Down to the last detail
In addition, Bugatti designed a new forged hollow front axle with sealed ends. Weighing about ten kilograms, the assembly was light yet stable, allowing the Type 35 to be faster in corners. In running order, the car weighed only 750 kgs! Designed for the racetrack, the little Bugatti could be fitted with mudguards and headlights for use on the public highway on request. With its elegant and well-proportioned bodywork, light and slender chassis, and slender rear end, the Type 35 was certainly the most beautiful racing car of its time.
Waterfall of victories
Despite all its innovations, the Type 35's first race was not a success. At the end of July 1924, Bugatti presented five of the new Type 35s at the Grand Prix de Lyon. Although the cars performed well in practice, they were beaten in the race. It later turned out that the cause of the poor results was not the engine or the mechanics, but the tyres: they had been improperly vulcanized and could not withstand the high speeds.
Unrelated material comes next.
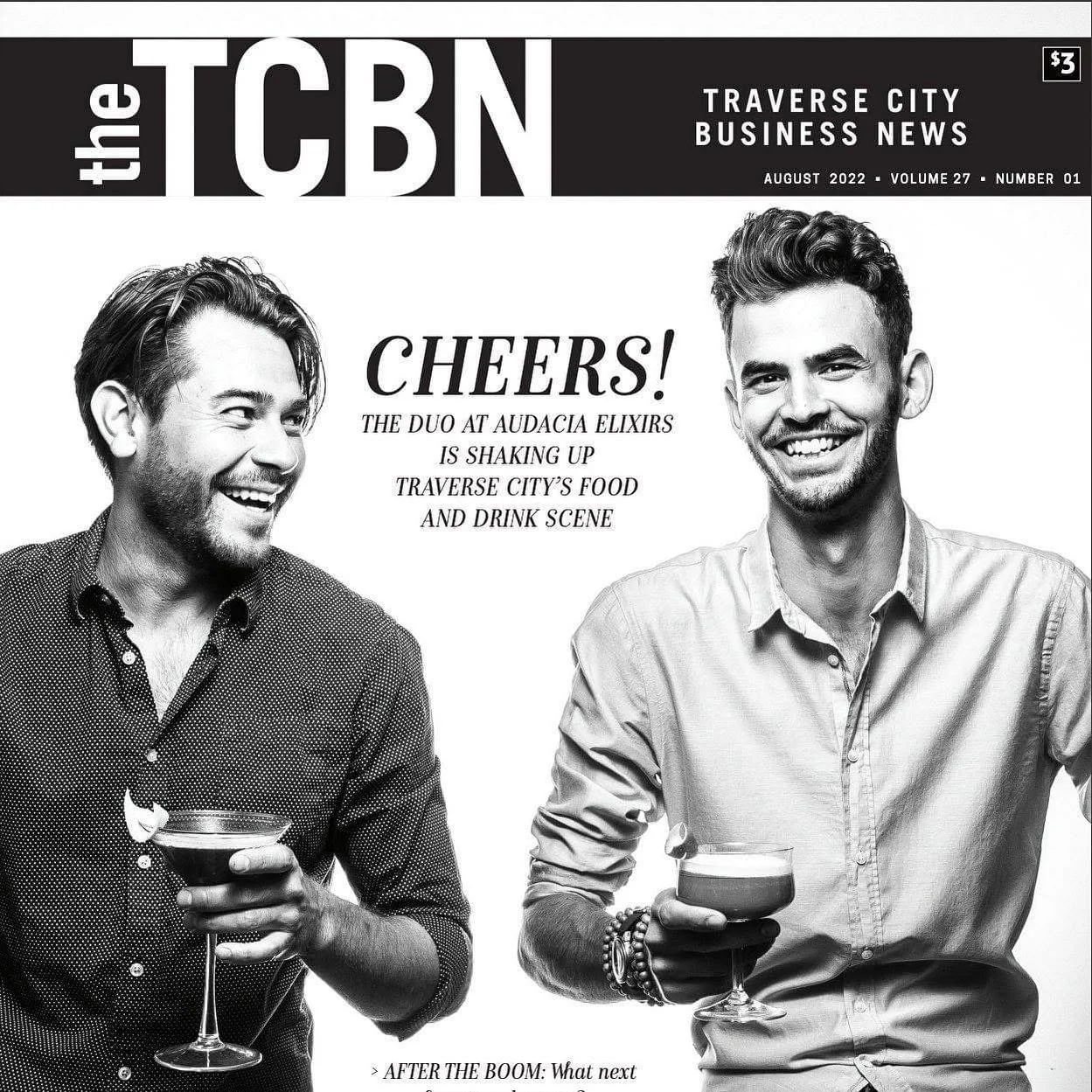 Traverse City Business News magazine cover featuring local restaurateurs.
Fortunately, the Type 35 achieved second place in the next race at San Sebastian, marking the start of an unparalleled career. The use of a Roots supercharger in 1926 increased the Type 35's power to 140 bhp. This made the car not only light and flexible, but also extremely powerful. Success was not long in coming. The Type 35 C compressor variant and its Type 35 T and Type 35 B derivatives won numerous grand prix titles before 1930, as well as the unofficial world championship title in 1926, and won the world's most famous road race, the Targa Florio, five times in succession. Famous drivers such as Alberto Divo, Tazio Nuvolari, Louis Chiron and Williams held the large and beautiful steering wheel of the famous Type 35. It was in Germany that the Type 35 celebrated its greatest triumph, at the Nürburgring in 1929.
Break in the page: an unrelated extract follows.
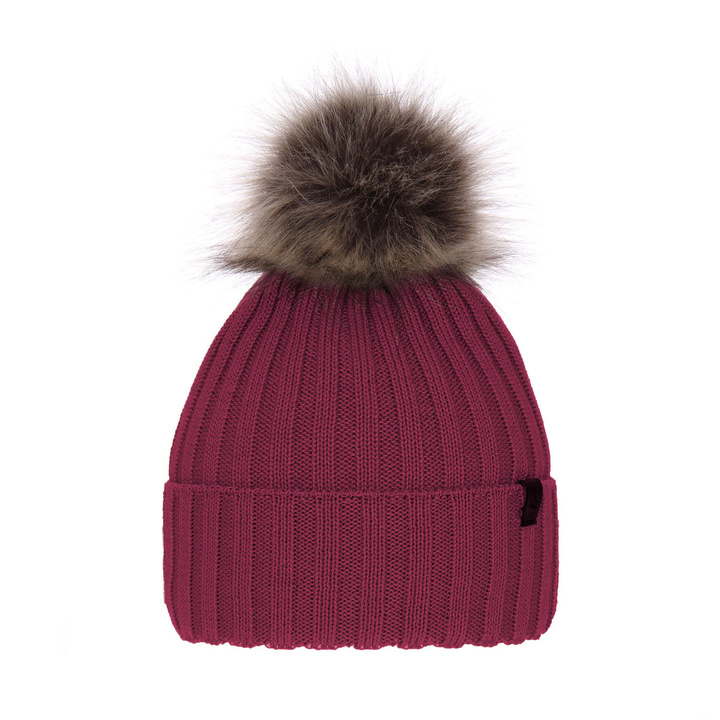 Czapka zimowa damska, różowa, z wełną merino Texa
Bugatti produced about 340 examples of the Type 35 during its seven-year production run. In 1931, the Type 54 succeeded it, but many vehicles were still used, modified or transformed for racing. Since then, its value has soared, reaching several million euros for those with a track record. Beware, however, that there are many replicas in circulation, more or less well made, at rallies and other historic races. The Type 35 has become an automotive legend and is one of those cars that will never cease to attract envy...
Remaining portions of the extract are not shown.